**PROBLEM DESCRIPTION**
After locating the line with "bathroom featuring baseboards" in the entries below, output it and each following line up to and including the line with "Bedroom with a", exactly and without pictures.

** MATERIAL PROVIDED follows **

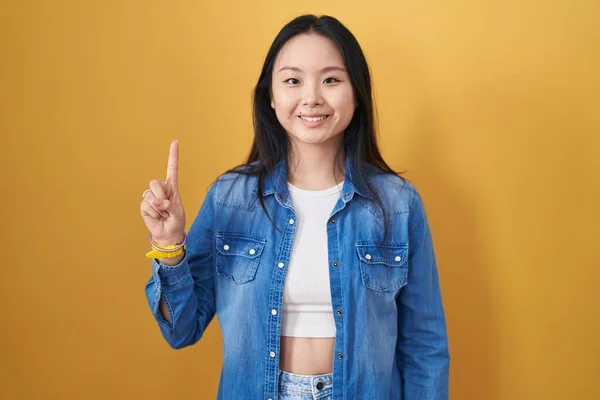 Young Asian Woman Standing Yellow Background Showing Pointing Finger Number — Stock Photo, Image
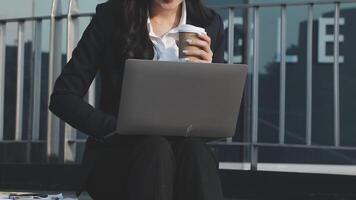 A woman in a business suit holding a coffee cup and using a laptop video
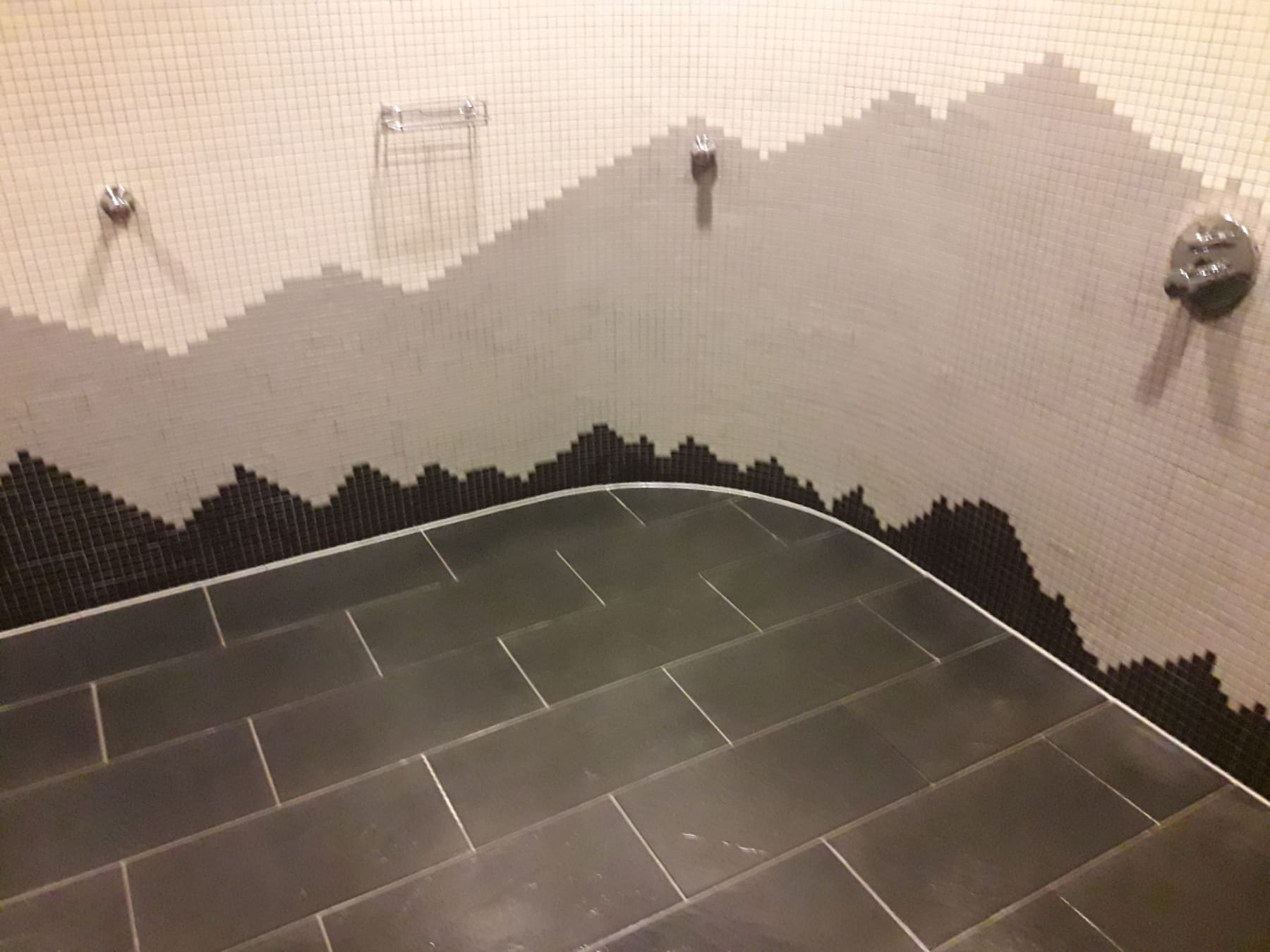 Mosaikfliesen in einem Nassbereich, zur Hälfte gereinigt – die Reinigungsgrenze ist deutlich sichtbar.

** End of MATERIAL PROVIDED **
** MATERIAL PROVIDED follows **

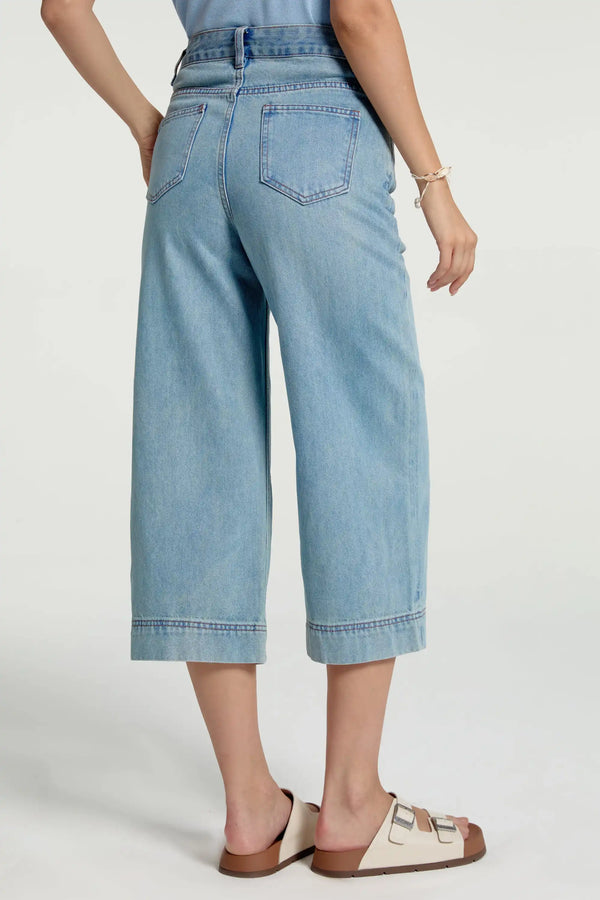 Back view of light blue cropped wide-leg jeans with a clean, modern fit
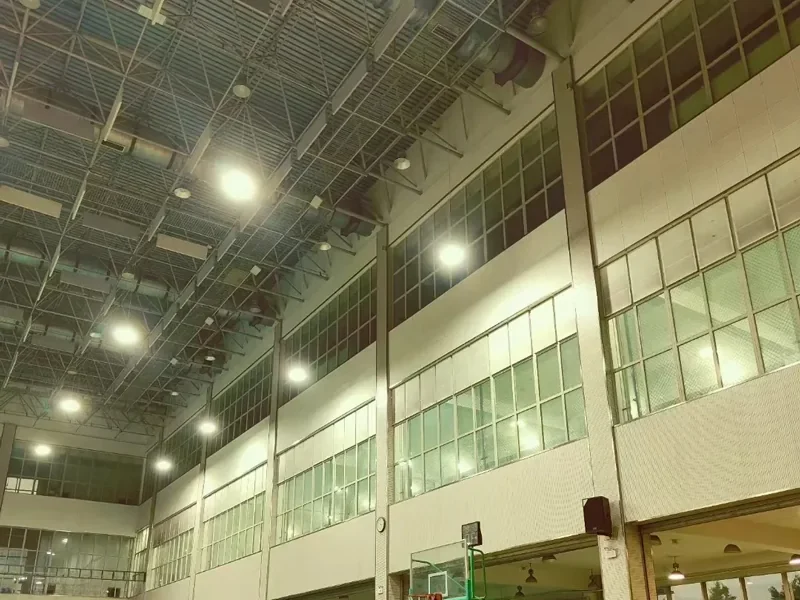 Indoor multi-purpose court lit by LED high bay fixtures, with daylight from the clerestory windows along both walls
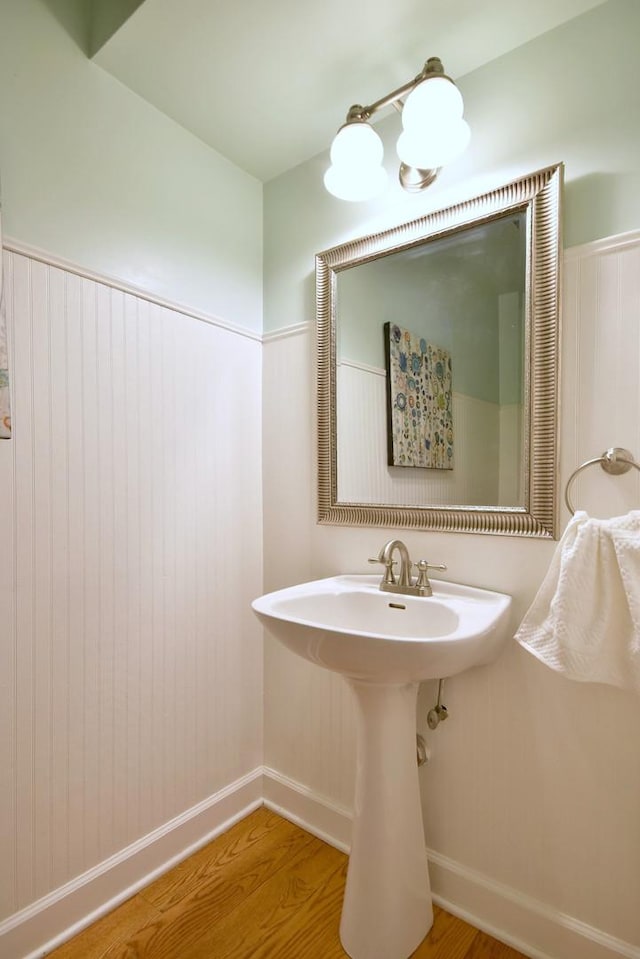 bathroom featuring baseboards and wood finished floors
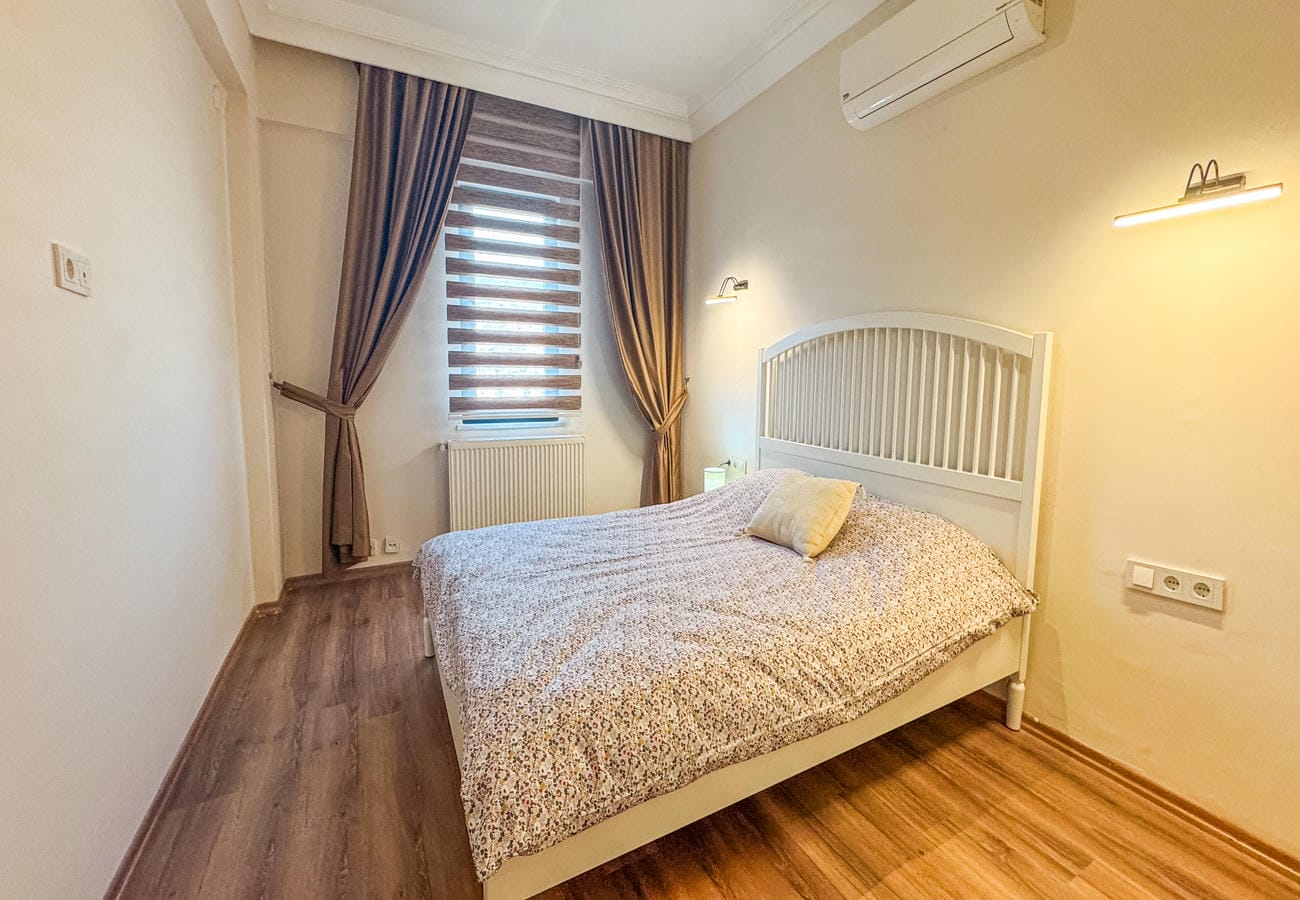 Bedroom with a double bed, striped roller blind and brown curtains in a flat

** End of MATERIAL PROVIDED **
** MATERIAL PROVIDED follows **

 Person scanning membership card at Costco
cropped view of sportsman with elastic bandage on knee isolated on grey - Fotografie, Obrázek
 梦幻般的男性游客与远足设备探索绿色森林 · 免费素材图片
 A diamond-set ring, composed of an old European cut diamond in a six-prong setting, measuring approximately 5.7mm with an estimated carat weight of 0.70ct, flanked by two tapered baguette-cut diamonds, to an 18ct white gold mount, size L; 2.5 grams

** End of MATERIAL PROVIDED **

**TASK OUTPUT**
 bathroom featuring baseboards and wood finished floors
 Bedroom with a double bed, striped roller blind and brown curtains in a flat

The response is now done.